US law enforcement is increasingly taking a more direct hand with the neutralization and cleanup of malware botnets. The Qakbot takedown joins the list of a few cases in which the FBI obtained court approval to automatically intercept the communications of compromised devices and clear the malware from them without the owner necessarily being aware  of what has happened. This was also done with the takedown of Emotet in early 2021, as well as the Russian Snake malware earlier this year and the automatic patching of Microsoft Exchange servers to cut off ProxyLogon attacks.

Roger Grimes, Data-Driven Defense Evangelist at KnowBe4, notes that these operations are a phenomenon that was not as viable to coordinate until recently: “I applaud the FBI and its partners across the globe. Wonderful news! These sorts of takedowns used to be fairly rare, but are becoming more common over time. It’s no small feat to coordinate an international takedown. It takes lots of technical and legal talent.”

“It was great to hear that the FBI had taken over at least one of the criminal servers and used it to redirect exploited nodes to a safer server where the FBI tried to automatically uninstall Qakbot on impacted computers. This sort of proactive cleaning up used to be rare and often contested, even by many cybersecurity experts. If not done correctly, the removal could go badly wrong.

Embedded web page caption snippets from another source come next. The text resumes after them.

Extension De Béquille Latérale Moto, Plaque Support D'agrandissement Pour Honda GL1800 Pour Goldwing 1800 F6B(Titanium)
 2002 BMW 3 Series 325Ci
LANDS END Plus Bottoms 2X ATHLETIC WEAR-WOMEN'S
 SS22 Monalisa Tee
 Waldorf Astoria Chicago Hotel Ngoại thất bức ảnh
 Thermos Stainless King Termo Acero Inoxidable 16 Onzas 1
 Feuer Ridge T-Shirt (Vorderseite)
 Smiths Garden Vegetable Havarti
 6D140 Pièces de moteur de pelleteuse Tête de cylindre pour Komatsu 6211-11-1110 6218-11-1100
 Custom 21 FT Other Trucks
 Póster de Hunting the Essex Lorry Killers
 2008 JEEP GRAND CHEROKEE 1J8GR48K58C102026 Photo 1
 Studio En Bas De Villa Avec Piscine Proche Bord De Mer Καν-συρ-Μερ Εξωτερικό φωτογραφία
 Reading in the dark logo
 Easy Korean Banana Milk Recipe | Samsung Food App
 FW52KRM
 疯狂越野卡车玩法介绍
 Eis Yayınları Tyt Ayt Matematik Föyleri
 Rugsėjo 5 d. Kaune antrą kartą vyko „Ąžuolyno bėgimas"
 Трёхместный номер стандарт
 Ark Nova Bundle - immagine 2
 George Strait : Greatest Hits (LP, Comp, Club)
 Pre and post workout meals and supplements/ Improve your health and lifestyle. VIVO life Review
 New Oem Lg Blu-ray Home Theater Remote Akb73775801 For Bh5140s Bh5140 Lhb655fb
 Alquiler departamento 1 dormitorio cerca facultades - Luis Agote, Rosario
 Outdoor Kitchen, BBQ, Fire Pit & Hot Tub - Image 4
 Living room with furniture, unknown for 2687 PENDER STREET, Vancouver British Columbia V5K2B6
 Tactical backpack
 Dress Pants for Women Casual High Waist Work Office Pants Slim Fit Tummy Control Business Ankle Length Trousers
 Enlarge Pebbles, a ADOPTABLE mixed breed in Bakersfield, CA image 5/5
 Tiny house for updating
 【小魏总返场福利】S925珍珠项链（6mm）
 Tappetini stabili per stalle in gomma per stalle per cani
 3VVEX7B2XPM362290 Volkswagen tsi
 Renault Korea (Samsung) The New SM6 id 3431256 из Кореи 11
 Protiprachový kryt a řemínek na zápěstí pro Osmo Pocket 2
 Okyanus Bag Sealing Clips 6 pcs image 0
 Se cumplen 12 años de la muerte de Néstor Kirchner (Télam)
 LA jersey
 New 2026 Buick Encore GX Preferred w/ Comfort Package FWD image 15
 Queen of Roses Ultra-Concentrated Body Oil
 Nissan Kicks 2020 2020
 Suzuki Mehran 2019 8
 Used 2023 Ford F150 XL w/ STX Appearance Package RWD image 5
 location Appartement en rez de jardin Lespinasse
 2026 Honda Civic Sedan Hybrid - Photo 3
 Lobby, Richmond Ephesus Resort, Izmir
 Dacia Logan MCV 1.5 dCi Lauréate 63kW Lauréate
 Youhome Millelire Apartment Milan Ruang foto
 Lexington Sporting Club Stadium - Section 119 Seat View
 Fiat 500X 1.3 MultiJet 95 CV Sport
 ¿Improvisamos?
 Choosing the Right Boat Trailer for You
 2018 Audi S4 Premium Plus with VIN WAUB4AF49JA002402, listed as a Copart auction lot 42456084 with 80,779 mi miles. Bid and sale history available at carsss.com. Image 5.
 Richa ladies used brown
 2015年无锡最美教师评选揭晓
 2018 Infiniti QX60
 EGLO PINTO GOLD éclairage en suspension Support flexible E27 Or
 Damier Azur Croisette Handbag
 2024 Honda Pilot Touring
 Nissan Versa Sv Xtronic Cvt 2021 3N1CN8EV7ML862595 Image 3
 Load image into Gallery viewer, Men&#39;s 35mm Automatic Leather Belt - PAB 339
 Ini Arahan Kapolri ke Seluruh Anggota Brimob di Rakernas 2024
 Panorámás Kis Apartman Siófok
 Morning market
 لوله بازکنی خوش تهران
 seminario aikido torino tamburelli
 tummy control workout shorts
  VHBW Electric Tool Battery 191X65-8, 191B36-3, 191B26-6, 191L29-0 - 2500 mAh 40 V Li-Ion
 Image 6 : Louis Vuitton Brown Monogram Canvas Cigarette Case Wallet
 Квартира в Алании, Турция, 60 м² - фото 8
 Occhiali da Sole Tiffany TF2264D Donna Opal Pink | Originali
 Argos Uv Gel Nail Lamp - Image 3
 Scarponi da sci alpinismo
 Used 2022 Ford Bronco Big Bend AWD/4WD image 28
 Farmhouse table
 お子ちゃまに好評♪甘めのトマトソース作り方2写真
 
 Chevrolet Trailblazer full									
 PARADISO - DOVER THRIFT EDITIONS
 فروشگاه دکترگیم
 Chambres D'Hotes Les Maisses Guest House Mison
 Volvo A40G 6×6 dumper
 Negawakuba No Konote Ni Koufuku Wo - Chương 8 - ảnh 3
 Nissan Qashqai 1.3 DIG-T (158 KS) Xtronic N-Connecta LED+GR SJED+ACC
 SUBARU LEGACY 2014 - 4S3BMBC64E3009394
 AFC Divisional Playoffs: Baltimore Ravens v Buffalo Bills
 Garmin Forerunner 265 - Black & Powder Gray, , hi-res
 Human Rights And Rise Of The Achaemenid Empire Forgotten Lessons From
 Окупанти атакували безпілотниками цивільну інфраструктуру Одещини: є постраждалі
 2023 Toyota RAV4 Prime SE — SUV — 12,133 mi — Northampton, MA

There have been many instances, before the FBI got involved, where well-meaning people trying to do proactive clean-up made the situation worse. But the FBI and its technical partners appear to be doing the clean-up right, with minimal legitimate operational impact. I’m glad the FBI and its partners have decided proactive cleanup was worth the risk. It improves not only the exploited people and organizations who have Qakbot installed, but the next innocent victims,” added Grimes.

But Max Gannon, Senior Cyber Threat Intelligence Analyst for Cofense, takes a more pessimistic view of the ultimate outcome of this operation: “This was a major step for the FBI and Justice Department to take and I certainly think it will have a significant impact on the threat actors behind QakBot. While this action was able to protect a huge number of victims that were already infected, it was not paired with arrests which are what most often leads to threat actors ceasing or at least temporarily halting operations. Because it was not paired with arrests I do not believe this will be the end of QakBot or at the very least it won’t be the end of the threat actors behind QakBot. Because of the huge blow to the botnet’s infrastructure, I expect that the threat actors will either take a very long time to return or they will pivot to other existing botnet projects.”